* **EXERCISE DIRECTIONS**:
From the first line onward, reproduce the records exactly; the final line to include is the one holding "New 2025 Kia EV6 Light image 1".

* **WORKING DATA**:
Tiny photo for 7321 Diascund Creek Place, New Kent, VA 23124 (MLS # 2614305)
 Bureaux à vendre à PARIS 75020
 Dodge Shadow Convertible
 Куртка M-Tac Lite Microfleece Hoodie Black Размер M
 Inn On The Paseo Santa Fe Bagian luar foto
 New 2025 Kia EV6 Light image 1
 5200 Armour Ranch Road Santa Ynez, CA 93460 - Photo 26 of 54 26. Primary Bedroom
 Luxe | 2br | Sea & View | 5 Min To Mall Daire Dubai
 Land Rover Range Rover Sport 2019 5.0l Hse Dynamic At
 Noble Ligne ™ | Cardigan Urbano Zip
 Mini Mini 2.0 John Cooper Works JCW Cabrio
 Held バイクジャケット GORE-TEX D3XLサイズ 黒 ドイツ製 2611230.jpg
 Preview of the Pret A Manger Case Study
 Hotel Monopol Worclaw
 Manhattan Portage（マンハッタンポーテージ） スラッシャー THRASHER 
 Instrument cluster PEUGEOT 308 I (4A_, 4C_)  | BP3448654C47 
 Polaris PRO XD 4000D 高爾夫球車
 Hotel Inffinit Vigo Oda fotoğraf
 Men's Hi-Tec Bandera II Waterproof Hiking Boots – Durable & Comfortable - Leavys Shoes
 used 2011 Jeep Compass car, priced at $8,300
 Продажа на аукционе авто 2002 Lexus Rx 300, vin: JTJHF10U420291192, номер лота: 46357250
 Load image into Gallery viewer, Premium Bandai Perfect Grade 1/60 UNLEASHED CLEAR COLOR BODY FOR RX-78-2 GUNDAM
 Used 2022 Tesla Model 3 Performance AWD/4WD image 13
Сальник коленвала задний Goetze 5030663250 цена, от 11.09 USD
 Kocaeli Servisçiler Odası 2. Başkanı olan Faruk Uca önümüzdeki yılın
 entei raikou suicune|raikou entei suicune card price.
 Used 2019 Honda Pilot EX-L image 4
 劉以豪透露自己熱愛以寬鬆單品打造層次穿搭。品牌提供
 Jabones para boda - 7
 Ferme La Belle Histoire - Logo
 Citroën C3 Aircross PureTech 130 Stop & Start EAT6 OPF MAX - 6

* **THE COMPLETED TASK**:
Tiny photo for 7321 Diascund Creek Place, New Kent, VA 23124 (MLS # 2614305)
 Bureaux à vendre à PARIS 75020
 Dodge Shadow Convertible
 Куртка M-Tac Lite Microfleece Hoodie Black Размер M
 Inn On The Paseo Santa Fe Bagian luar foto
 New 2025 Kia EV6 Light image 1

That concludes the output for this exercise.